Your task: Could you set down exactly the lines in the records below between the line holding "Fiul lui Sile" and the line holding "Geranium Argus (Eumedonia", inclusive?

===

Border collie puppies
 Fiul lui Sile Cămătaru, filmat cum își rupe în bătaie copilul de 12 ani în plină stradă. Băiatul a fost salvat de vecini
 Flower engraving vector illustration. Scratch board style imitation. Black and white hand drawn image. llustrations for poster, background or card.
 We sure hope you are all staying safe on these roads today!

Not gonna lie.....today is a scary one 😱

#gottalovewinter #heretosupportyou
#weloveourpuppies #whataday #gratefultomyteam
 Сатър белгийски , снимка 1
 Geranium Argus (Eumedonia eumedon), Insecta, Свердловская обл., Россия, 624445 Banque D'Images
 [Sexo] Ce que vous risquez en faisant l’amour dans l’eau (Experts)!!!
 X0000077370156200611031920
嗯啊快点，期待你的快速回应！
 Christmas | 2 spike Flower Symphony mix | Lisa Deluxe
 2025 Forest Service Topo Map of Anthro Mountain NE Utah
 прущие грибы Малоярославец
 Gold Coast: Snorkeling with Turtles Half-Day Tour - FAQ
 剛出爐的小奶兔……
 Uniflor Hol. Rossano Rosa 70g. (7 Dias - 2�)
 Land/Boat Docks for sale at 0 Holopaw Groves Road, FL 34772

===

Exercise solution:
 Fiul lui Sile Cămătaru, filmat cum își rupe în bătaie copilul de 12 ani în plină stradă. Băiatul a fost salvat de vecini
 Flower engraving vector illustration. Scratch board style imitation. Black and white hand drawn image. llustrations for poster, background or card.
 We sure hope you are all staying safe on these roads today!

Not gonna lie.....today is a scary one 😱

#gottalovewinter #heretosupportyou
#weloveourpuppies #whataday #gratefultomyteam
 Сатър белгийски , снимка 1
 Geranium Argus (Eumedonia eumedon), Insecta, Свердловская обл., Россия, 624445 Banque D'Images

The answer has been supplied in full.